David C. Rose. The Moral Foundation of Economic Behavior. Oxford University Press. 2011. 269 pages. $40.16.
Economists find it easy to model human actors as rational utility maximizers, evaluating possible decisions in light of their likely outcomes and choosing those options with the most utility-maximizing consequences.
But in The Moral Foundations of Economic Behavior, David Rose argues that economic development depends on trust, and that trust can only be expected to feature prominently in a particular society when those who live in it understand key moral requirements—in particular, duties that preclude negative conduct.
As Rose notes, people who reason this way may not be particularly good trading partners. If someone assesses her options in each situation and alters her plans as her judgments about the best way to maximize her utility change, she’s unlikely to prove very reliable; she may steal from others or defraud them. And this kind of behavior will tend to dispose others not to want to trade with her. The more widespread a tendency to maximize individual utility is in a given society, the more wary people will be about trading with each other, and the more resources they will likely spend detecting and preventing opportunistic behavior.
In such a society, the benefits of widespread trade won’t be available. The society will be poor.
Those who are, in the economists’ sense, “rational” won’t be likely to behave as case-by-case maximizers. They may not be concerned about the societal consequences of fostering distrust, but they almost certainly want others to deal with them. And anyone with the reputation of being willing to cheat others is someone with whom others won’t want to trade. The discipline imposed by continuous dealing will thus dispose rational actors, even ones who might be inclined to cheat, to behave reliably.
However, the discipline of continuous dealing can’t make everyone reliable all the time. Frequently, people engaged in trading relationships are strangers, and it’s not always possible for either to be aware of the other’s reputation. And institutional mechanisms designed to require accountability from those who steal and defraud are anything but uniformly effective.
Rose focuses on a further, even more serious problem: Reputational and similar mechanisms for ensuring good behavior only work when theft and fraud can be effectively detected, but they frequently cannot. People often enjoy what Robert Frank has termed “golden opportunities”—opportunities to take advantage of others with essentially no possibility of detection. These opportunities are particularly likely to arise in connection with open-ended contracts that leave the parties with lots of discretion. One party to such a contract may be able to cheat the other with no realistic possibility of detection: While it may appear to an observer that she’s fulfilling her obligations, she may in fact be taking unfair advantage of her trading partner.
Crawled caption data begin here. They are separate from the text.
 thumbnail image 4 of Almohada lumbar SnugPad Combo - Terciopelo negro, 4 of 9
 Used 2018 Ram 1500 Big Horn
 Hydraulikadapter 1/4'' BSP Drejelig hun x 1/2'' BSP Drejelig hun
While no one may be able to detect this kind of cheating, the expectation that it might occur is enough to put a damper on people’s expectations. Trust will be inhibited, and thus so will trade—and therefore prosperity. A society can achieve the kind of wealth that widespread trust makes possible only if everyone is committed to being trustworthy even when no one’s watching and even when behaving in an untrustworthy manner won’t lead to perceptible harm to any individual.
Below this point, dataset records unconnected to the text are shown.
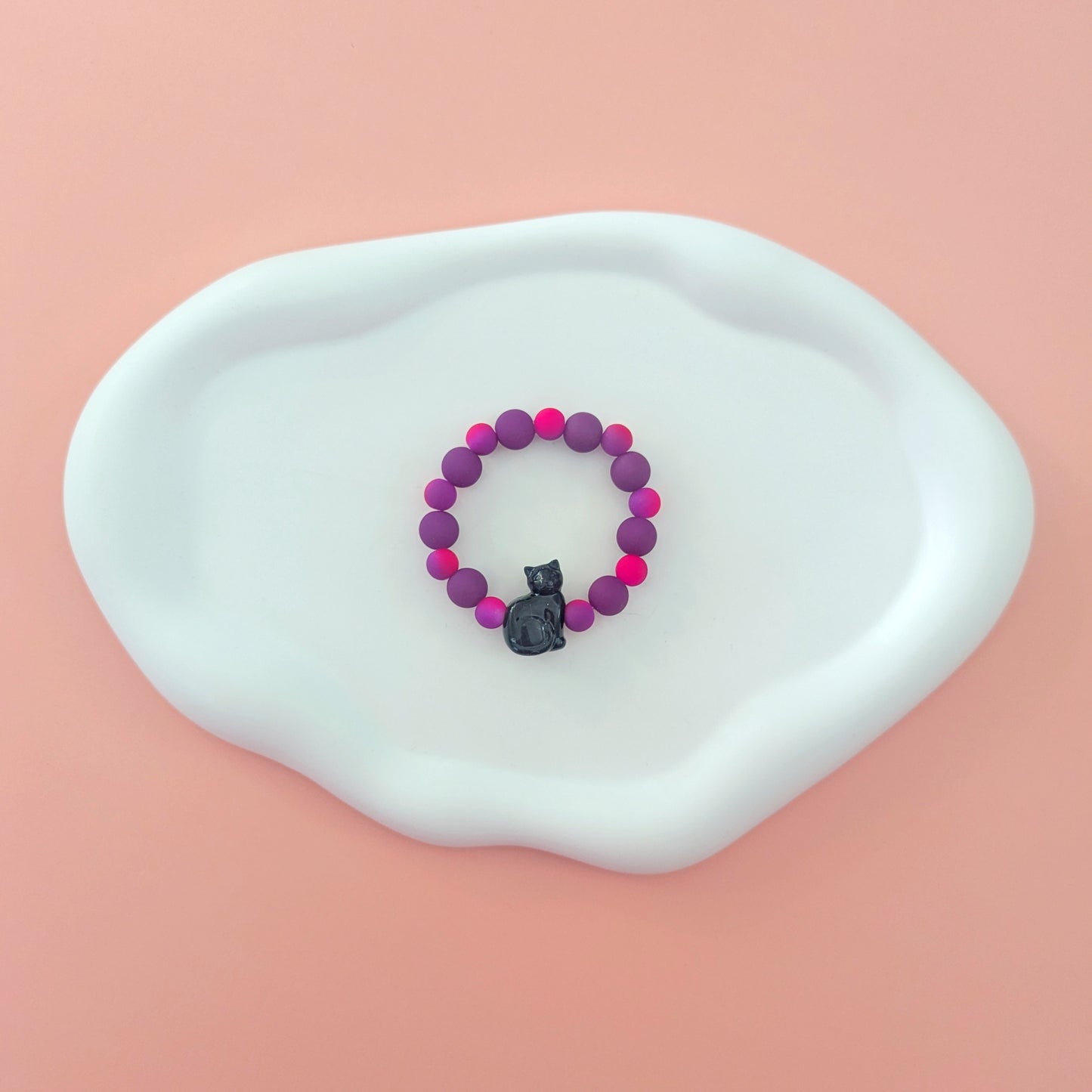 Black Cat Kids Bracelet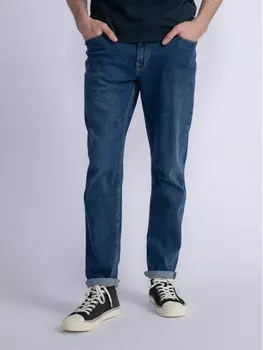 Зауженные джинсы Petrol Industries, синий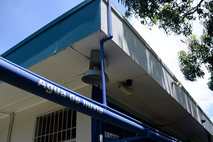 Tubería sistema de recolección de agua de lluvia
To foster prosperity, people need to be moral, not in order to avoid bad consequences, or even in order to achieve good ones on a case-by-case basis. They need to have internalized preferences for trustworthiness—most effectively fostered by culture—that can’t be overridden by the desire to benefit themselves or others in particular situations. They need to think of the duty to be trustworthy as, effectively, absolute. A society in which people reason this way will be able to sustain widespread, persistent trust. Economic relationships among strangers will be possible, social cooperation will flourish, and prosperity will ensue.
Rose is clear that the economist qua economist can’t show that people ought to be moral, or what form moral principles ought to take. But he argues that economists can show that societies in which particular moral principles are widespread will prosper. And I’m inclined to agree: Cooperation among strangers is the foundation of prosperity, widespread trust makes cooperation possible, and a moral—and not merely instrumental—commitment to reliability is a foundation for widespread trust.
There are interesting questions to ask about Rose’s arguments: When does background injustice reduce the duty to be trustworthy? What determines when a putative moral requirement really is a moral requirement? How shall we determine just what open-ended, relational contracts actually require? But, however we resolve these questions, Rose has made a convincing case that a society full of trustworthy people will be effectively positioned to experience the miracle of economic growth.